### EXTRACTED INFORMATION

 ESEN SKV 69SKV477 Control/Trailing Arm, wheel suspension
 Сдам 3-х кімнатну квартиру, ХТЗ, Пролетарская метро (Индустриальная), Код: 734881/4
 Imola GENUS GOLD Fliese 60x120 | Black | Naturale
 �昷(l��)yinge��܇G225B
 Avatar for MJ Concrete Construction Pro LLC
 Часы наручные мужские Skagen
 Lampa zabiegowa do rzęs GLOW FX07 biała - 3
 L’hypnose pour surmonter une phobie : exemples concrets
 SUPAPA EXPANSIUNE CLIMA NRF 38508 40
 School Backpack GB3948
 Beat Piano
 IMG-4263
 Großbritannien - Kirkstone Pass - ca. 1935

######
### EXTRACTED INFORMATION

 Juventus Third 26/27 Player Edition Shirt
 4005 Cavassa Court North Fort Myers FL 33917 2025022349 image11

######

TASK TO COMPLETE = Among the lines above, find the one with "ESEN SKV 69SKV477" and the one with "Großbritannien - Kirkstone Pass - ca. 1935". Quote both and everything between them, exactly.

YOUR RESPONSE =
 ESEN SKV 69SKV477 Control/Trailing Arm, wheel suspension
 Сдам 3-х кімнатну квартиру, ХТЗ, Пролетарская метро (Индустриальная), Код: 734881/4
 Imola GENUS GOLD Fliese 60x120 | Black | Naturale
 �昷(l��)yinge��܇G225B
 Avatar for MJ Concrete Construction Pro LLC
 Часы наручные мужские Skagen
 Lampa zabiegowa do rzęs GLOW FX07 biała - 3
 L’hypnose pour surmonter une phobie : exemples concrets
 SUPAPA EXPANSIUNE CLIMA NRF 38508 40
 School Backpack GB3948
 Beat Piano
 IMG-4263
 Großbritannien - Kirkstone Pass - ca. 1935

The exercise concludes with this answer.